The WSJ added some additional details to the timeline late Friday, reporting that Cambridge Analytica initiated contact with WikiLeaks founder Julian Assange in “early June 2016.”

When Mr. Nix’s approach to WikiLeaks was reported by The Wall Street Journal last month, it wasn’t clear whether Cambridge was working for the Trump campaign at the time. Federal Election Commission records show the first payment by the campaign to Cambridge Analytica is dated July 29, 2016.

New details about the timing of Cambridge Analytica’s Trump campaign work show that the firm’s effort to obtain the Clinton emails—which U.S. intelligence agencies later determined had been stolen by Russian intelligence and given to the Sweden-based WikiLeaks—came as the company was in the advanced stages of contract negotiations with the campaign and had already dispatched employees to help it.

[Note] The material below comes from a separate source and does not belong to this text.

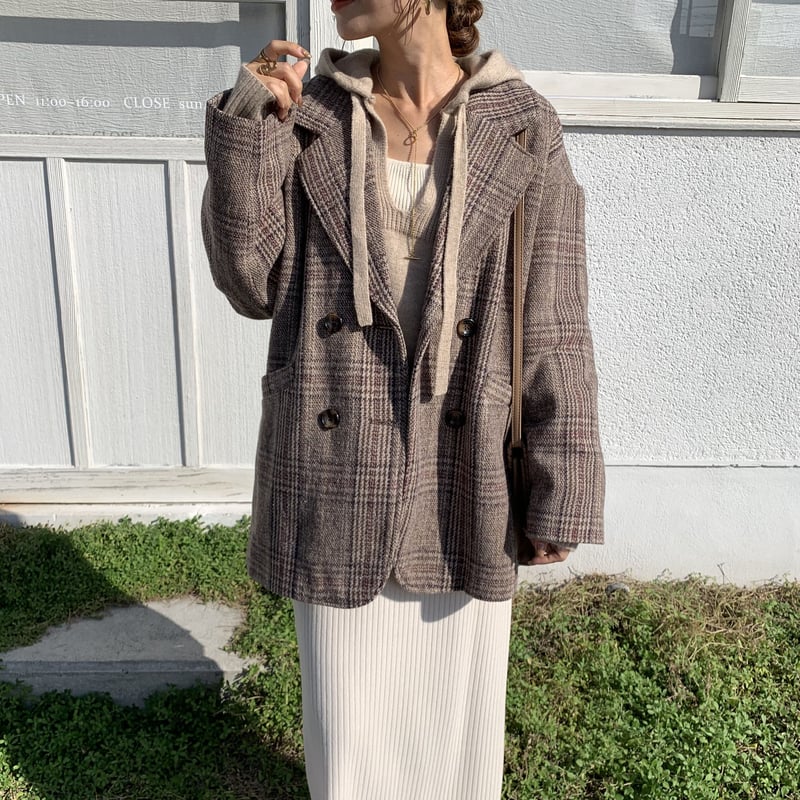 チェック柄ダブルジャケットコート | BLATE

The same article added that Cambridge Analytica “collected close to $9 million from the campaign, including $6 million that was publicly disclosed and additional funds routed through Giles Parscale, a firm run by Trump digital director Brad Parscale, according to a person familiar with the payments – about 50% more than publicly reported.”

Trump World, true to form, has tried to downplay its connections with the firm. It’s an odd thing to lie about.

The significance of a story like this is that it points to another possible avenue connecting Team Trump with its suspected Russian benefactors. The infamous Trump Tower meeting last summer is one potential avenue; George Papadopoulos’ Russian contacts are another; Roger Stone is another; Michael Flynn is another; and so on.

Cambridge Analytica, which denies any wrongdoing, is another still, and according to House Intelligence Committee Ranking Member Adam Schiff (D-Calif.), the ties between Cambridge Analytica and WikiLeaks are of “deep interest” to the committee.

6 thoughts on “Wikileaks is at the center of Trump-Putin campaign investigation”

  1. This isn’t even smoke! Does AzBM get paid by the word? Is that what this is all about. And I thought you Dems were big on transparency?

    • and I thought you republicans were the family values party. I didn’t know you meant the manson family! don shooter roy moore trump I guess a child molester is better then a democrat?

      • This was directed at Kavanagh, who seems to have either skipped reading the post or did not comprehend the words.

  2. wiki leaks is not hostile to the united states. it exposes scum and vermon in politics and government who don’t think the american people have a right to know. as jefferson said I would rather have a free press then government ;but he was a slave holder so he doesn’t count. so let me quote Malcolm X “by any means necessary!”